说罢,村长的眼睛恶狠狠地瞟向许光耀一家。
很显然,自从澜水村的人见到许贝朵的金龟婿之后,许光耀一家就成为了澜水村全村人的公敌。
二婶子站在许光耀一家子身后左右为难,最终还是咬了咬牙,回到了自己村的队伍里。
她咬牙切齿说:“光耀,不是姑不帮你,我看你们也别闹了,赶紧回去吧。村里的好女娃多的是。咱不用非在一棵树上吊死。”
连致力撮合这件事情的二婶子,都已经退却了。
许光耀几乎眼睛发红,他悲伤地问:“朵朵,咱们之前每次见面,说的那些话,全都不算数了是吗?”
许贝朵的头摇的和拨浪鼓一样,连连摆手否认道:“你可不要血口喷人,不要乱说呀,我什么时候和你单独说过话,没有!绝对没有的事!”
眼看着天色渐晚,夕阳西下,许光耀一家处在澜水村门口,却见澜水村村里人目光不善,个个对他们像见了仇人一样。
他深吸一口气,终于说:“爹,妈,咱们走吧。”
临走前,他低声沉沉说道:“金鳞岂是池中物。许贝朵,你等着,未来终有一天,我一定会让你高看我一眼。”
许贝朵:略略略……
终于送走了原书男主许光耀这个大麻烦,许贝朵松了一口气。
本来戏演到这里就可以了,陆家两位尊贵的人现在就可以踏上他们的轿车,赶紧走了。
但是澜水村村门口可围着这么多人呢,他们眼睛发亮,目光如狼似虎,直愣愣盯着两位陆家有钱人。

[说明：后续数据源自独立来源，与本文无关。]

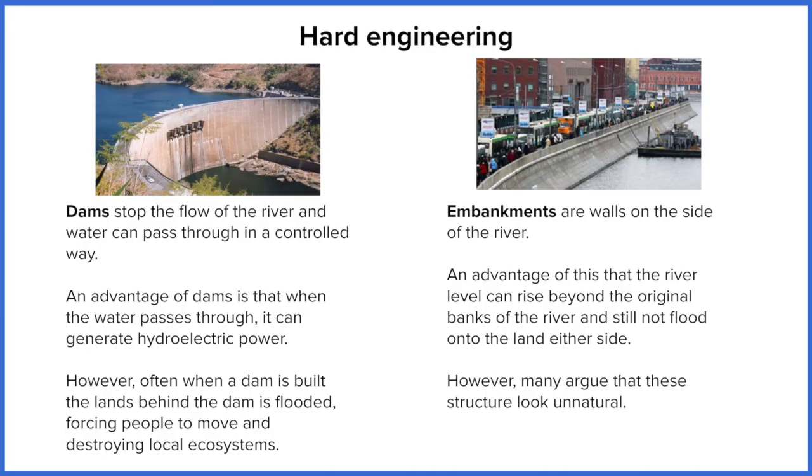However, dams do come with significant disadvantages. First of all, they are a massive civil engineering project, requiring a substantial amount of funding to get up and running. Secondly, you've got to flood an entire valley behind the dam to build the reservoir, which destroys the natural ecosystem of the area, and there could be villages in there as well. The river course is now disrupted, which means any fish or wildlife downstream depending on the river are going to be impacted. So dams tend to have a significant environmental and ecological impact, but they are a very effective strategy for reducing discharge in rivers.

村长立即站了出来,堆上一副笑脸,乐呵呵地说道:“来来来,两位贵客从这边进,我们村,今天为你们备上晚宴。村里条件不好,你们可千万不要嫌弃。我们只能用最简陋的条件,用最真诚的心来招待你们。”
许贝朵尴尬地看了一眼陆淮宁,心想这事儿可麻烦了。
本来只是走个过场就可以了,没有想到村长不知道发什么疯,非要把人家请进来吃饭。
这下村长的脸面肯定要丢光了,人家两位天天吃的山珍海味,怎么可能看得上在村里吃饭?
陆淮宁还在揣摩许贝朵的意思,没有想到姑姑陆织艺满口答应下来。
她手上拎着包包,往前朝着村长走了两步,随后环顾了四周,看了一圈,然后高高兴兴地说:“好啊,没问题,今天我们晚上就在这吃饭。顺便带我们见见朵朵的家人,还有参观一下整个村子吧。”
村长自然满口答应,如鱼得水,他亲自弓着身子做出了一个邀请的姿势,然后村民们非常识趣地在村口让出了一条通道,通道两排全是黑压压的人头,夹道欢迎。

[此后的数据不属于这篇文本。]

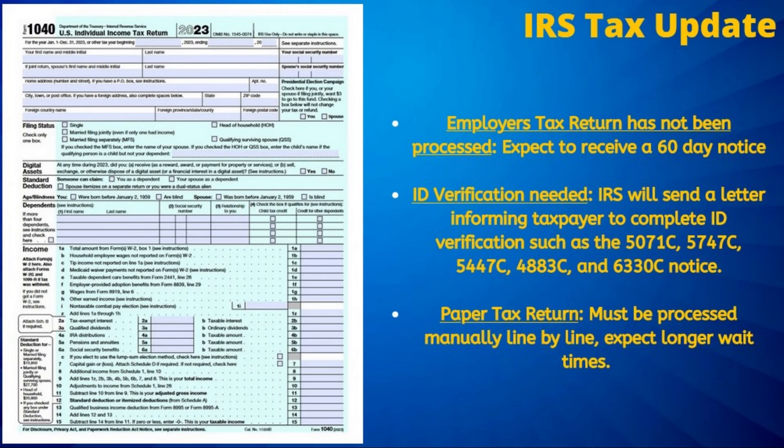ID verification continues to cause significant delays and specifically impacted those who filed their taxes early this year. While the IRS is supposed to send out notices to those impacted, notifying them to complete ID verification, these notices are not always received, which leads to many not being aware of the cause of their delay. As seen in previous years, until tax filers take further action and discover the source of the problem, it could take additional months to resolve.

许贝朵感觉到这个场景是如此的荒诞,她只能硬着头皮,堆着笑脸,跟在陆织艺和陆淮宁的身后,在这些村民的注视下,像完成一项非常庄严的仪式一样,缓缓地走进村里。
好诡异呀,好社死呀。
许贝朵有理由相信,如果现在村里有一队吹拉弹唱的人,此刻一定鞭炮齐天,锣鼓震天响了。
有钱人的待遇,真是好啊。
他们不咸不淡的在村长办公室吃了一个晚饭,饭桌上摆满了村里的好东西,土鸡蛋,土鸡,河里捞的鱼,总之都是村户人家平时舍不得吃的东西,非常奢华。
席间村长不停的在说话,但是陆淮宁和陆织艺都是淡淡的,并不怎么回答。
许贝朵算是终于看出来了村长的企图,他就是想搭上这些有钱人,觉得自己作为村长也算和他们沾亲带故了,万一以后有啥事可以找人帮忙。

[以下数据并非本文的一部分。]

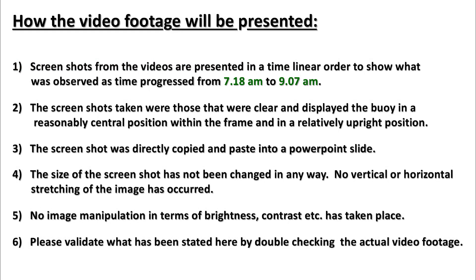How the video footage will be presented: Screenshots from the videos are presented in time-linear order to show what was observed as time progressed from 7:18 a.m. to 9:07 a.m. The screenshots taken were those that were clear and displayed the buoy in a reasonably central and relatively upright position. The screenshot was directly copied and pasted into a PowerPoint slide. The size has not been changed in any way — no vertical or horizontal stretching occurred. No image manipulation in terms of brightness, contrast, etc. has taken place. Please validate by double-checking the actual video footage.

县城里最奉行人情社会这一套,每个村里也是一样的,就算没有什么实质性的帮助,对外面说出去自己有一个有钱的亲戚,也是极为光彩有面子的。
晚饭后陆织艺还是执意不肯走,想要在澜水村转一转,参观参观。
许贝朵心想这个贫瘠的农村有什么好参观的呢?难道是省城里的大小姐,从来没有见过村庄是什么模样,物以稀为贵,所以才会感到这么好奇吗?
有钱人的烦恼和见识,就是这么平平无奇。
之前在圈宅基地的时候,许贝朵也曾详细地逛过村子的每一处。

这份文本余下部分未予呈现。